それは、「謙虚さ」であります。謙虚さが心底にありますと、言葉にも態度にも現れてしまいます。謙虚さがあると、自然に心のこもった挨拶、態度、言葉遣いとなります。  「つつしみをおのが心の根とすれば ことばの花はみごと咲くなり」白隠禅師の歌です。
17日  有ること難し 人間は必ず死ぬ、釈迦の言われた通り、人間は「生きて、老いて、必ず病気になり、苦しんで、死ぬ」まさに、「生老病苦死」の存在です。明日の事は分からぬ存在だからこそ、今日の有ることが難し」なのです。この思いが背景になければ、宗教も釈迦の教えである仏教は本当の核心は理解不能であろう。 さらに言えば「人間、生きるとは本質的に残酷」なものであります。生き物は、人間は「肉体的苦から死ぬまで逃れられない」。精神的苦は修養で救われる、宗教の役割はここにある。
 18日  命ある者の有限
正に有ること難し

だから、有ること難し、有難うの語源です。仏教から出ています。現在、こうして生きて有ることの難い、稀なこと、の意味ですね。法句経にあります、「やがて死する者の、いま命あるは難し」と釈迦は説かれています。いのちの厳粛さに対して謙虚に向き合うと「まさに今有ること難し」、これを有難うと受け止めるのです。そこに謙虚な自分を発見できます。そうすると、すべてに向く眼が違うことに気がつきます。全てが有り難い、こととなり、そこに命ある者の有限な中、おのずから「有難う」と謙虚となるのではないでしょうか。

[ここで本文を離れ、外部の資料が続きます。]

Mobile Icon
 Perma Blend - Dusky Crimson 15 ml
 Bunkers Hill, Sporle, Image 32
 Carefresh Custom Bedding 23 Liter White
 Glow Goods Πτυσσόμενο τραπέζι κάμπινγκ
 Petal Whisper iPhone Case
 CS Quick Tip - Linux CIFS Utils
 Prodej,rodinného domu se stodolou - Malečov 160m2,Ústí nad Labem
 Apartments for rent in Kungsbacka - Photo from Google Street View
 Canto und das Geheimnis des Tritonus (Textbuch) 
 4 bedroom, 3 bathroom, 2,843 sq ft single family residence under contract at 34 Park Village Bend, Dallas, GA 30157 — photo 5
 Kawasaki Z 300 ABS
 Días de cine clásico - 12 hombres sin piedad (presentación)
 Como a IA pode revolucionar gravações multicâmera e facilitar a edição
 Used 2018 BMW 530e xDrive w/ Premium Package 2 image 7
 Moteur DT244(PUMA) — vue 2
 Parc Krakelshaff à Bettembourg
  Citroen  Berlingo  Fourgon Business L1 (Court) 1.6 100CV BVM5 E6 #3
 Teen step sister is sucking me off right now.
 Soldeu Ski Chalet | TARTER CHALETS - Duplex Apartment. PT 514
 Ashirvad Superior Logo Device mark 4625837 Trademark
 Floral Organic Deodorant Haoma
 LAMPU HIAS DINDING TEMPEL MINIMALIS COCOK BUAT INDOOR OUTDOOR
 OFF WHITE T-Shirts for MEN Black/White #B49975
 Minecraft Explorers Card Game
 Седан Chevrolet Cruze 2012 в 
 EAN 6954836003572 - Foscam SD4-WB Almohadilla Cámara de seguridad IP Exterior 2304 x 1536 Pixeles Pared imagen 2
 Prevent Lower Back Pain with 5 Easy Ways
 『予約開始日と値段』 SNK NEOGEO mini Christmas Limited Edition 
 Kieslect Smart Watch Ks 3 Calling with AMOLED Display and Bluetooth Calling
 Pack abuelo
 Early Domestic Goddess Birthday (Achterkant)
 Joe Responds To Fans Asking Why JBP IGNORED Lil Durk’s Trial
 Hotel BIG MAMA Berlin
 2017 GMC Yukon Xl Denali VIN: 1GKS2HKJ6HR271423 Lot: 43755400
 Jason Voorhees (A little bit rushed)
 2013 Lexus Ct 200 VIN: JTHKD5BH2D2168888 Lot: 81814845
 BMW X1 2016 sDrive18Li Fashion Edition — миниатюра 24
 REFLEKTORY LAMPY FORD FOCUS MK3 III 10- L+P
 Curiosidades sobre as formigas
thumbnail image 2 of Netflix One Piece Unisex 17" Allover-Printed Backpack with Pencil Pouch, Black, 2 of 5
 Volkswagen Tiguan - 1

19日   すみません  すみません、の語源はどこから来ているのでしょうか。すみませんは「済みません」なのです。まだ物事が完了しておらない状態を確認するのが「すみません」なのです。 我々の一生は、みな途中で終わります。きちんと、決済しておくべき多くの事柄があります。未決済の問題がいろいろあります。多くの方々から受けた、数えきれない恩恵、そのお返しが未決済です。恩返しのできない心の痛みで、口に出るのが「すみません」の挨拶語です。ここに心の謙虚さ、敬虔さがあり、出てくるのが「すみません」だと言えるのです。 
 20日  「はい」   はい。この挨拶語は、他人に対する返事だけでなく、自分に応える挨拶と言えます。大声で「はい」と答えると胸の中がすかっとしてくる、朗らかになる。散乱していた自分の心がハイで一つに要約される。素直な自分に出会えた、邂逅なのです。いい人生が再スタートするような気持ちになります。ありがとう、すみません。そして、ハイ。心の中が次第に爽快になるように思えます。良い人生に遭遇した思いになります。